Each line from the one containing "Brake Pad Kit" through the end of the data is to be written out exactly, and nothing more.
Information shown: Begin
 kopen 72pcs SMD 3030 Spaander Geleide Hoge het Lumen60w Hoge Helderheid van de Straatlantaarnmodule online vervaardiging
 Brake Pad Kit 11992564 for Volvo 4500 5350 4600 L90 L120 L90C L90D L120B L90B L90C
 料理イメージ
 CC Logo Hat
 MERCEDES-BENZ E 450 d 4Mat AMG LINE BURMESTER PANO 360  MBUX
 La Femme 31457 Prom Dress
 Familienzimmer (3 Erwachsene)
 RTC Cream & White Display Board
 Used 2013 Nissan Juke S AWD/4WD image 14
Information shown: End
• Written reply:
 Brake Pad Kit 11992564 for Volvo 4500 5350 4600 L90 L120 L90C L90D L120B L90B L90C
 料理イメージ
 CC Logo Hat
 MERCEDES-BENZ E 450 d 4Mat AMG LINE BURMESTER PANO 360  MBUX
 La Femme 31457 Prom Dress
 Familienzimmer (3 Erwachsene)
 RTC Cream & White Display Board
 Used 2013 Nissan Juke S AWD/4WD image 14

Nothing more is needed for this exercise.